Poi c’è la faccenda dei licenziamenti. Avvenuti con un tempismo geniale: quando l’uragano Sandy stava per colpire New York e la borsa di Wall Street è rimasta chiusa per due giorni, Tim Cook ha fatto fuori due top manager. Il primo, John Browett, capo dei negozi Apple in tutto il mondo, lo aveva scelto lui stesso 6 mesi fa. Il secondo, Scott Forstall, in Apple era un pezzo da 90: fedelissimo di Jobs, è la mente che ha inventato il sistema operativo per l’iPhone e quello dell’iPad, ha dato la voce a Siri (assistente vocale di iPhone e iPad) e gestito il progetto mappe.

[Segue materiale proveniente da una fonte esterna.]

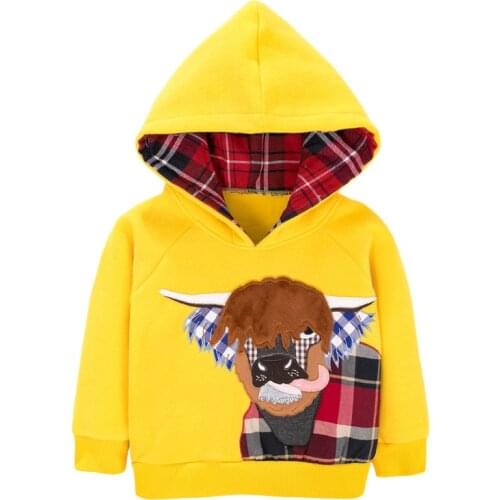 Little Maven New Autumn Spring Kids Yellow Yak Fleece Cartoon Appliques Cotton Full- sleeved 2-7yrs O-neck Boys Hoodies Sweaters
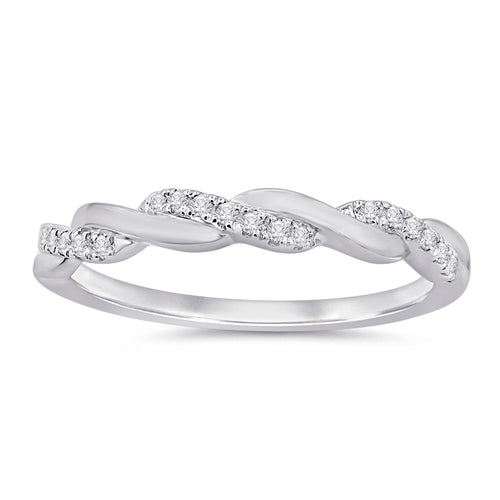 Brilliant Claw Twist Band Ring with 0.10ct of Diamonds in Sterling Silver Rings Bevilles 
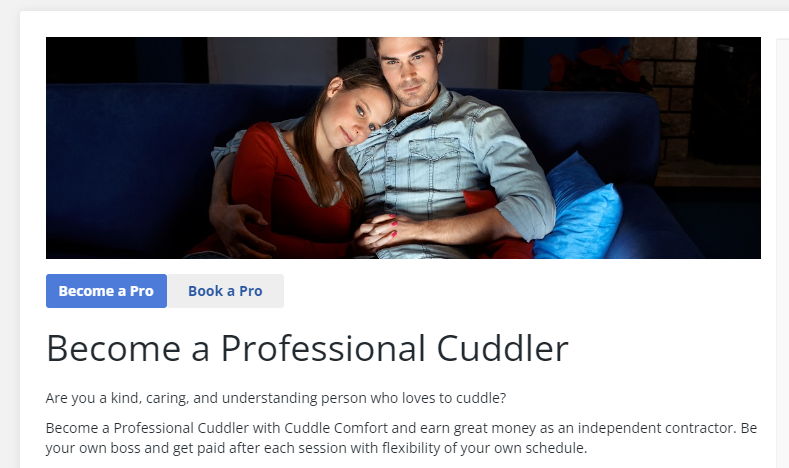 Become a professional cuddler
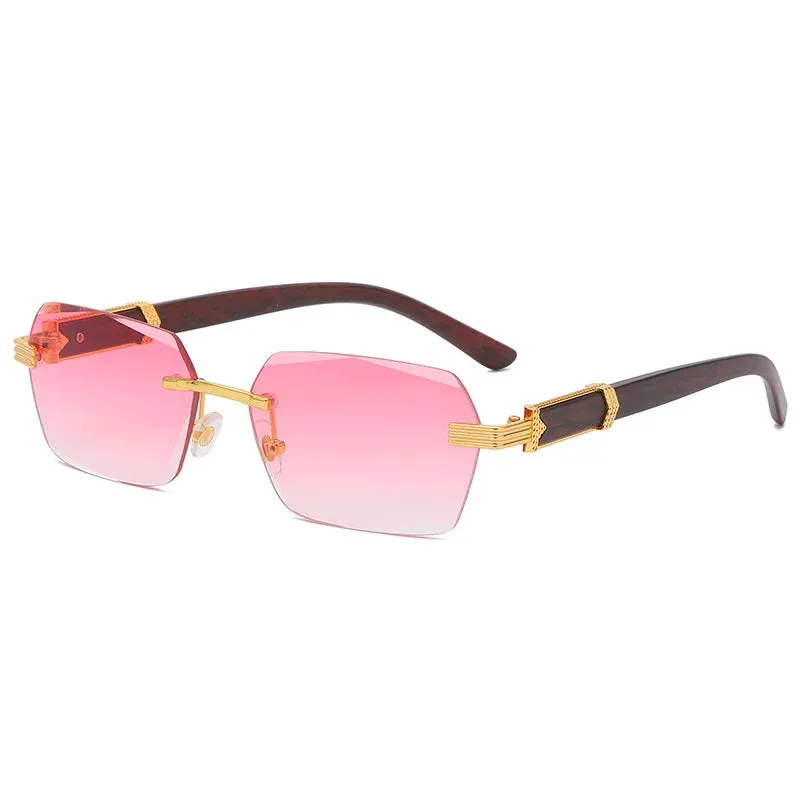 Square Rimless Sunglasses Woman and Man Luxury Brand Designer
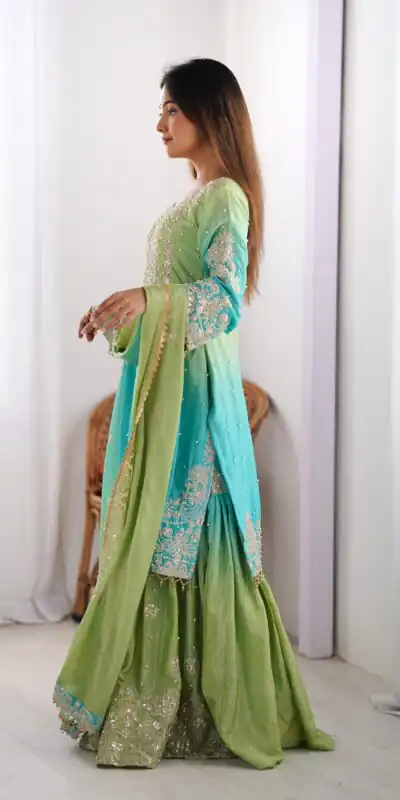 KD 1498 Green Color Chinon Silk Designer Work Salwar Suit in Get it for ₹2499. Delivery 4-6 Working Days. Online Shop now. | Jump Suits, Salwar suit, Designer Suits, Casual Suits, Creative suits, Palazzo Suits, Party Wear Suits, Patiala Suits, Straight Suits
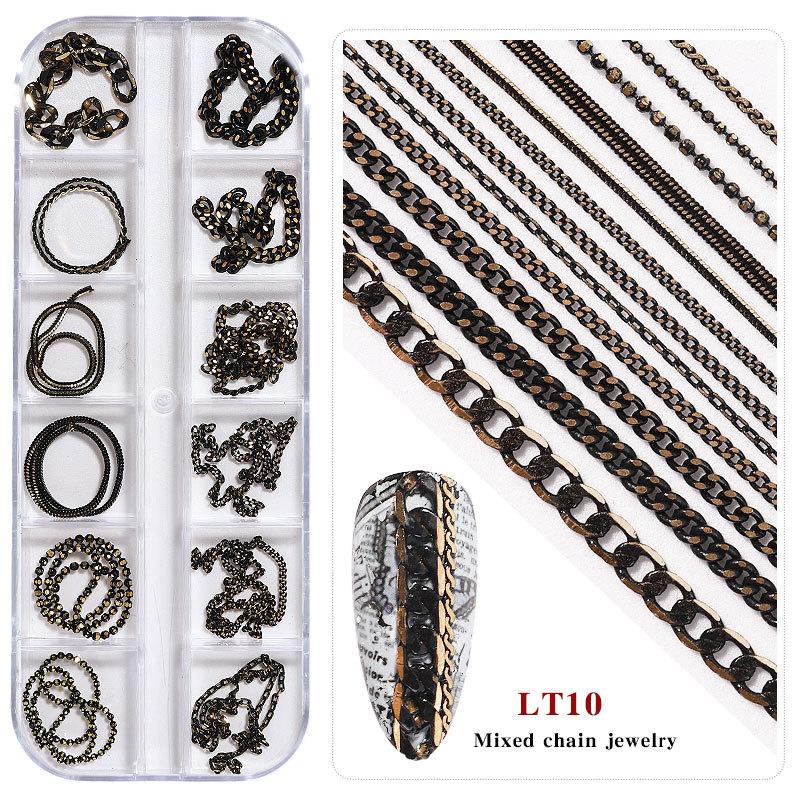 Nail Art Jewelry, Small Chain 12 Boxed Gold And Silver Diy Decorative Nail Sticker Metal Chain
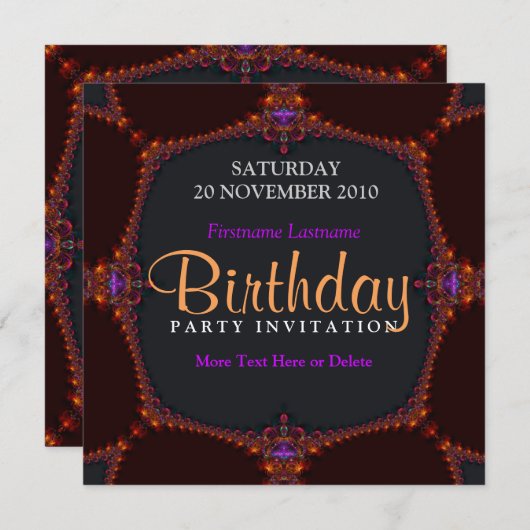 Fractal Nights Birthday Party Invitation Kaart (Voorkant / Achterkant)
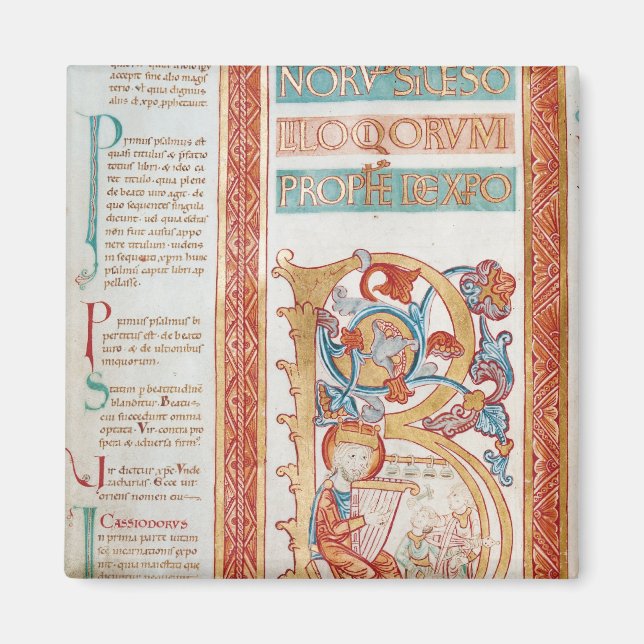 Historiated initial 'B' depicting King David Magnet (Front)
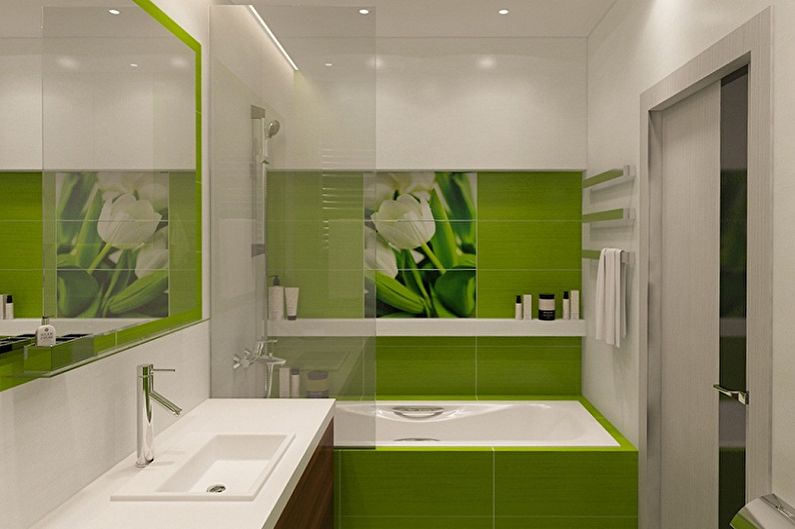 Innenarchitektur eines Badezimmers von 6 qm - Foto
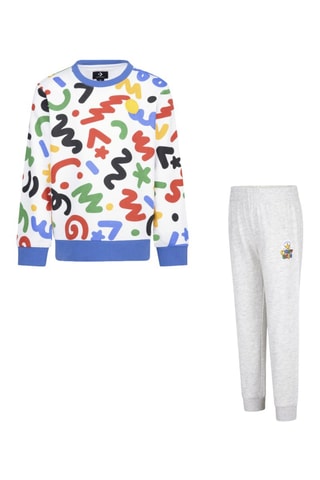 Sweat et pantalon - Gris, blanc et rouge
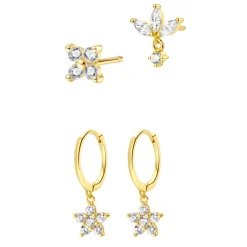 Earring Stack Sets | Hey Happiness Blüte Ohrringe Set Sterlingsilber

C’è chi sostiene che Cook abbia silurato Forstall perché, in perfetto stile Jobs, si era rifiutato di firmare la lettera di scuse pubbliche per il fallimento delle mappe. I più maliziosi sostengono che Forstall fosse considerato da Jobs il suo vero successore. Anche il capo degli store aveva causato un calo di immagine alla Apple con tagli e licenziamenti e cambio dell’organizzazione del lavoro nei negozi. Scelte che hanno trascinato di nuovo la Apple sui giornali e in una telenovela infinita sul web.
Cook con questi licenziamenti ha voluto dare un segnale forte a tutta la sua squadra. Uomini di talento e personalità che però sono stati arruolati da Jobs. Persone capaci di trasformare le idee in prodotti di successo che Cook, deve riuscire a dominare. Per questo l’erede di Jobs ha ridisegnato la mappa interna della Apple concentrando tutto nelle mani di tre fedelissimi (il designer Jonathan Ive, il nuovo uomo del software Craigh Federighi, l'inventore di iTunes Eddy Cue).
Ma mentre la Apple sembra cambiare pagina per ripartire con una nuova organizzazione più a immagine di Cook ecco che arriva un’altra grana di immagine e sostanza. Il sasso, lanciato da uno scoop del britannico Sunday Times, fa rapido il giro del mondo. In epoca di crisi e famiglie supertassate si scopre che la Apple è regina dell’elusione fiscale. Grazie a un escamotage, peraltro assolutamente legale, versa solo l’1,9 per cento di tasse sulle vendite all’estero (713 milioni di dollari in tasse su 36,8 miliardi di fatturato). Eppure Cook, nonostante i colpi all’immagine, non pare granché preoccupato.
La Apple, infatti, continua a macinare utili. Sebbene la quota di mercato nel settore delle tavolette sia scesa nell’ultimo trimestre al 50,4 per cento (era il 59,7 nel 2011), l’azienda ha annunciato un fatturato trimestrale di 35 miliardi di dollari (28,8 lo scorso anno) e un utile netto trimestrale di 8,8 miliardi (7,3 nel 2011).
La Apple può quindi tornare a essere un faro nella competizione tecnologica. Deve, però, riprendere lo scettro di innovatore e recuperare il tocco magico. Stupendo il mondo con prodotti nuovi. O reinventandone altri. Il 2013 potrebbe essere l’anno della tv con la mela: uno schermo che si comanda a voce, senza telecomando e connesso al cloud di servizi Apple. Avvalora questa tesi una notizia di pochi giorni fa: la Apple sarebbe interessata all’acquisto della Sharp. Chissà che il secondo anno d.J. (dopo Jobs) non sia migliore del primo.